* Sees inflation peaking at 6.5-7 pct in Dec
* Sees measures passed in Parliament in weeks, months
* Employer tax cut could halt job losses immediately
By Balazs Koranyi and Sandor Peto
BUDAPEST, April 20 (Reuters) - Hungary's new government will concentrate on saving jobs and its often painful measures are aimed at keeping the budget on track while lowering taxes on work, Finance Minister Peter Oszko said on Monday.
Oszko said rising taxes on consumption will widen the country's recession and temporarily boost inflation but such a hike will allow the government to lower taxes on labour and that could have an immediate effect in slowing job losses.
"Current market conditions dictate that we should focus on maintaining jobs and allocate resources for this," Oszko told Reuters in an interview. "The goal is stopping the fall in employment and reducing the tax burden has an immediate impact."
"A decline in costs can rein in the a decline in employment immediately. That can exert its impact just as quickly as the VAT hike does," Oszko said in his first interview since taking office last week.
Analysts said Hungary's 9.1 percent jobless rate could peak above 10 percent later this year.
The country, one of the hardest hit nations in the global economic crisis, has been struggling to rein in its budget deficit while keeping the budget on track and reducing its especially high tax burden on corporations.
Gordon Bajnai, who took over as prime minister last week, announced on Sunday that the government would raise the value added tax rate to 25 percent from 20 percent effective July 1 while reducing corporation's payroll taxes.
"That means that for people earning the minimum wage, employer costs will fall in excess of 7 percent, almost 8 percent and for people earning the average wage, it'll decline by 6 percent," Oszko said.
But Oszko said the VAT rise would push inflation to a peak of 6.5-7 percent in December and mean an average annual inflation of 4.5 percent for the year, above the ministry's previous forecast for 3.7-3.9 percent.
The country became the first European Union (EU) nation last year to seek IMF help, and kept its economy afloat with a $25.1 billion package funded by the IMF, the EU and the World Bank.
Hungary expects its economy to shrink by up to 6 percent this year as its export-driven economy suffers on Europe's waning demand and its domestic consumption implodes on rising unemployment and higher consumption taxes.
Oszko said the budget contained some reserves, on the magnitude of 80 billion forints, in case the environment deteriorates further.
Bajnai announced spending cuts worth 400 billion forints for 2009 and 900 billion forints for 2010 through cuts in pension, wages and social spending.

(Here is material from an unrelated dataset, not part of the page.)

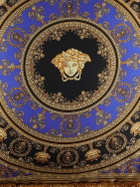VERSACE - Crete De Fleur Silk Cushion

The cuts will keep the deficit under 3 percent of GDP in 2009, in line with the IMF's conditions and will help put the primary surplus, or the surplus before debt service costs, above 4 percent of GDP by 2010.
Some analysts have been worried that the government's low popularity could hamper its effort to pass the needed legislation but Oszko said he saw solid consensus behind the measures and expected the necessary laws to be passed in weeks or months at the latest but before the autumn.